The meeting will discuss plans to set up regional events similar to the recent one in Dublin, to take place in early autumn.
Over 900 priests have now signed up as members of the ACP.
The Association of United States Catholic Priests (AUSCP) has expressed its support for the ACP. Fr David Cooper, chairman of the AUSCP, spoke in a statement of the ACP's work as "a great service to the enterprise of dialogue so dear to the Fathers of Vatican Council Two 50 years ago."
In a statement on the ACP website Fr Brendan Hoban of its leadership team emphasised that it "does not seek to overturn the defined teaching of the Catholic Church." It "wants to have a conversation about the realities of Irish church life today and about issues we believe the Irish church urgently needs to discuss".
It "is no threat to the unity of the church . . . We cherish and we value and we wish to further the unity of all our people, with our fellow clergy, with religious, with our bishops and with the successor of Peter," he said.

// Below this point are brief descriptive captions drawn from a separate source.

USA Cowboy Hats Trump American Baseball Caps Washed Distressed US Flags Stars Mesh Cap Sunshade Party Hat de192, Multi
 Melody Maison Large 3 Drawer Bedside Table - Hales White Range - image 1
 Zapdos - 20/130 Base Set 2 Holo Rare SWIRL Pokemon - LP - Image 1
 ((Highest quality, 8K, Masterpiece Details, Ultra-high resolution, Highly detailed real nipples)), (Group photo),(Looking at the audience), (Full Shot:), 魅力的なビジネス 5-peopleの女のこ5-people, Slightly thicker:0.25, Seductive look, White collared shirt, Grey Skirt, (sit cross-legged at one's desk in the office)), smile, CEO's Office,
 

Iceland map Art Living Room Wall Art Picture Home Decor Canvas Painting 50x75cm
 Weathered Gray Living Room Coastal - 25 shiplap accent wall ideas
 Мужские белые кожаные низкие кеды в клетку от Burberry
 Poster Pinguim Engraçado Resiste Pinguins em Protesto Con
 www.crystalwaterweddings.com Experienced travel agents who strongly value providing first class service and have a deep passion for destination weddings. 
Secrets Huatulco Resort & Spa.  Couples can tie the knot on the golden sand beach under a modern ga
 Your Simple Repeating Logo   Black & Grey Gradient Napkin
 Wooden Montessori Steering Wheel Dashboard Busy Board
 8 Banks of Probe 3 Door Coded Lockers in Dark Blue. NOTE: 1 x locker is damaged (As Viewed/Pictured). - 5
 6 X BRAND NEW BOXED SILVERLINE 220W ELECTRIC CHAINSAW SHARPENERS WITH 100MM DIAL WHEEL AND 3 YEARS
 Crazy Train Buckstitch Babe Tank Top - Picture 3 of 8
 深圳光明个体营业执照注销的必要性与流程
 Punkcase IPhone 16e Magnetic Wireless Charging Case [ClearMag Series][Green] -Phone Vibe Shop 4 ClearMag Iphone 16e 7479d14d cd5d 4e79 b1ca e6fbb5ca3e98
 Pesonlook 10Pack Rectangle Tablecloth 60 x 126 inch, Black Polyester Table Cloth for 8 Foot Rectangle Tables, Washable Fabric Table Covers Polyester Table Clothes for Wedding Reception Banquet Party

"We have a right and a duty to discuss the problems facing the church. Silencing us will not make the issues go away. It will only create more unhappiness, and damage the unity of the church.
"Freedom of conscience is a fundamental Christian teaching; it is not a strange or frightening concept. The word 'dissident' does not describe us. We are at the heart of our church, and that is where we wish to stay. So, please, work with us; talk with us; pray with us."